A propaganda é clara: lavar roupas fora de casa seria mais barato e mais rápido. Mas será?
Na prática, lavar roupas em casa custa, em média, entre R$ 14 e R$ 40 por mês, dependendo do volume e da frequência. É um valor muito baixo do ponto de vista financeiro, ainda que exija tempo e algum trabalho doméstico. Já o serviço self-service cobra cerca de R$ 32 a R$ 40 por lavagem, considerando o ciclo completo de lavar e secar.
Ou seja, em termos estritamente monetários, a conta não fecha a favor da lavanderia.
O argumento, então, migra para o tempo. Vende-se a ideia de rapidez e praticidade, mas pouco se fala sobre o deslocamento. Mesmo que a lavanderia esteja “na esquina”, existe um custo inevitável: sair de casa, caminhar até o local, aguardar o ciclo da máquina ou retornar mais tarde para retirar as roupas.
Nesse cenário, o consumidor precisa escolher entre permanecer na loja — sem produzir nada — ou ir e voltar duas vezes. Em casa, ao contrário, é possível colocar a roupa na máquina e, enquanto o ciclo acontece, realizar outras tarefas, trabalhar, estudar ou simplesmente descansar.
Esse tipo de serviço, portanto, surge para tapar um buraco estrutural das grandes cidades: apartamentos cada vez menores. A lógica é a mesma dos depósitos espalhados pela cidade, que armazenam fora aquilo que já não cabe dentro de casa.
A moradia encolheu a tal ponto que atividades básicas do cotidiano foram terceirizadas. Não por escolha, mas por falta de espaço. Quando lavar roupa fora de casa passa a ser tratado como modernidade, talvez o problema não esteja na máquina — mas no modelo de cidade que transformou o mínimo em luxo.

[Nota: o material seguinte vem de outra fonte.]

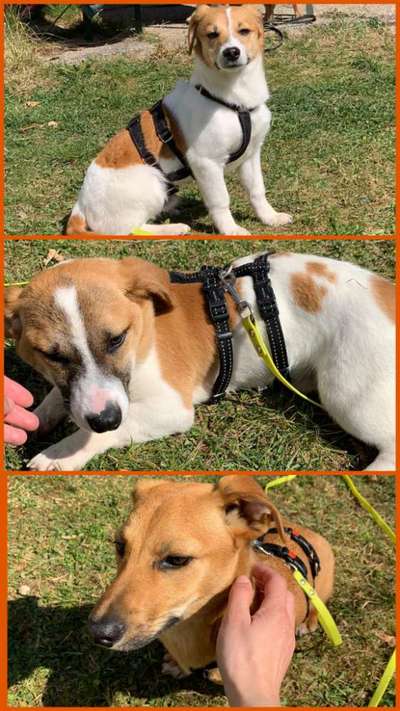 Tierschutzhunde suchen ein Zuhause-Beitrag-Bild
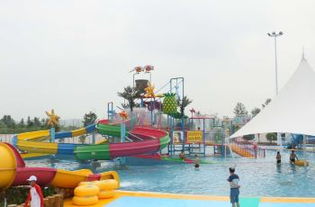 玩水上項(xiàng)目注意事項(xiàng),夏威夷旅游注意事項(xiàng),夏威夷竹的養(yǎng)殖方法和注意事項(xiàng)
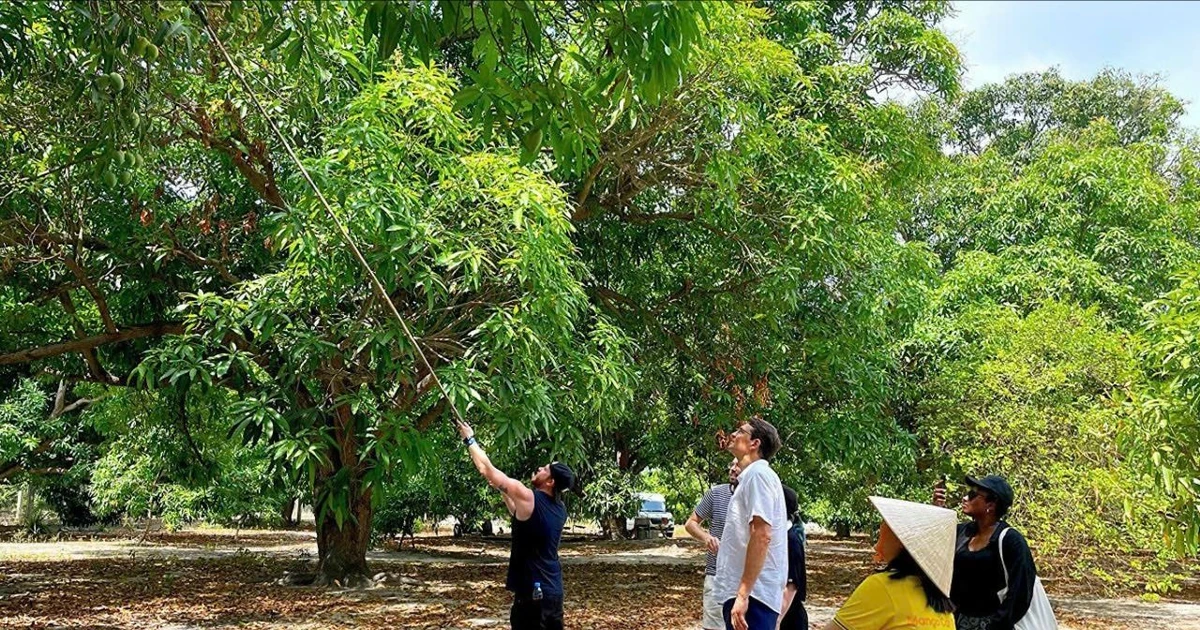 Người dân Cam Lâm làm du lịch từ cây xoài cổ thụ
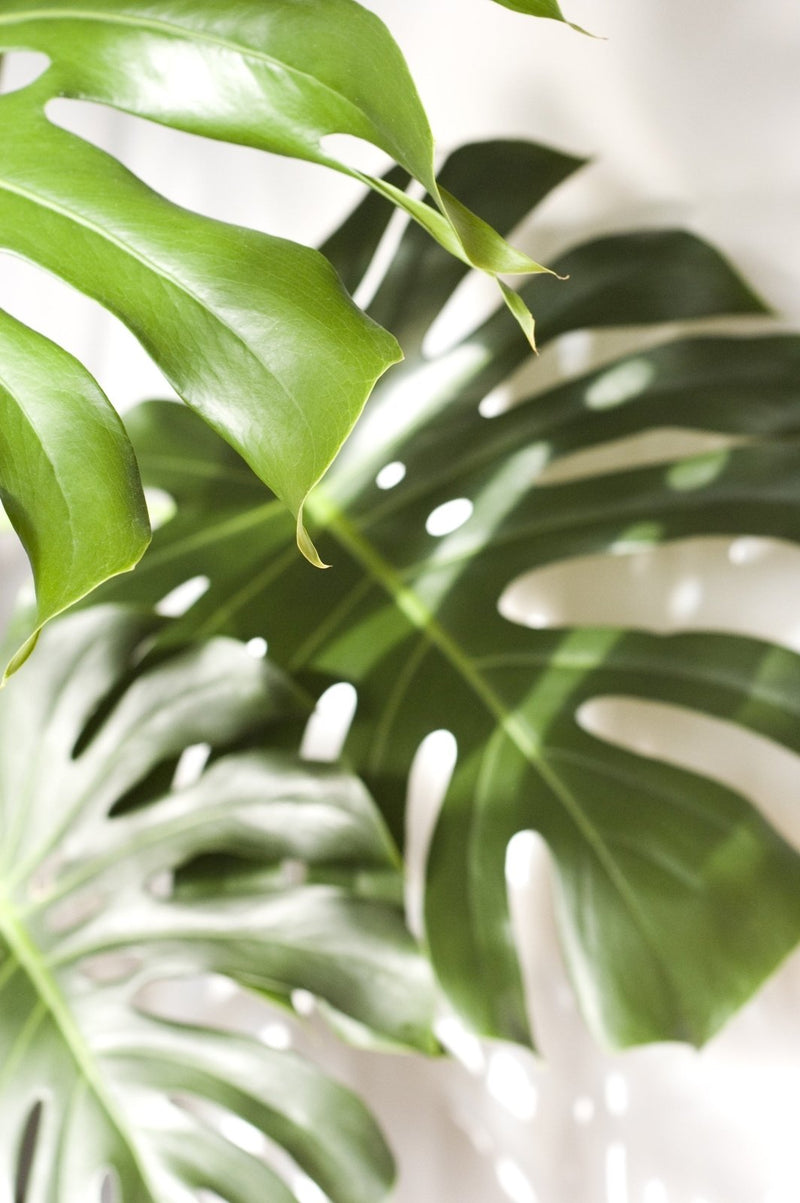How to Make Your Monstera Grow Bigger: Tips for Massive Leaves - Odd Leaf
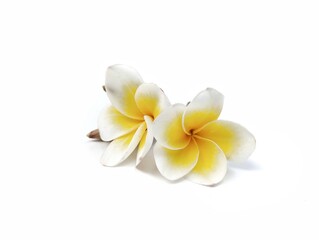 Beautiful frangipani flowers (plumeria alba) isolated on white background. Botanical photography for creative design 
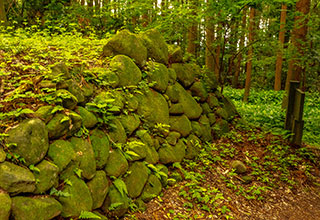 箕輪城の見どころ7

Ao empresário, fica um ponto de atenção. Inovar não é, necessariamente, criar algo novo, mas executar bem aquilo que já funciona. Em muitos casos, a busca por modismos e soluções “modernas” apenas desloca custos e fragiliza a proposta de valor. O mercado recompensa menos a invenção constante e mais a eficiência consistente. Nem toda tendência merece ser seguida; muitas vezes, o melhor negócio é simplesmente fazer bem o básico.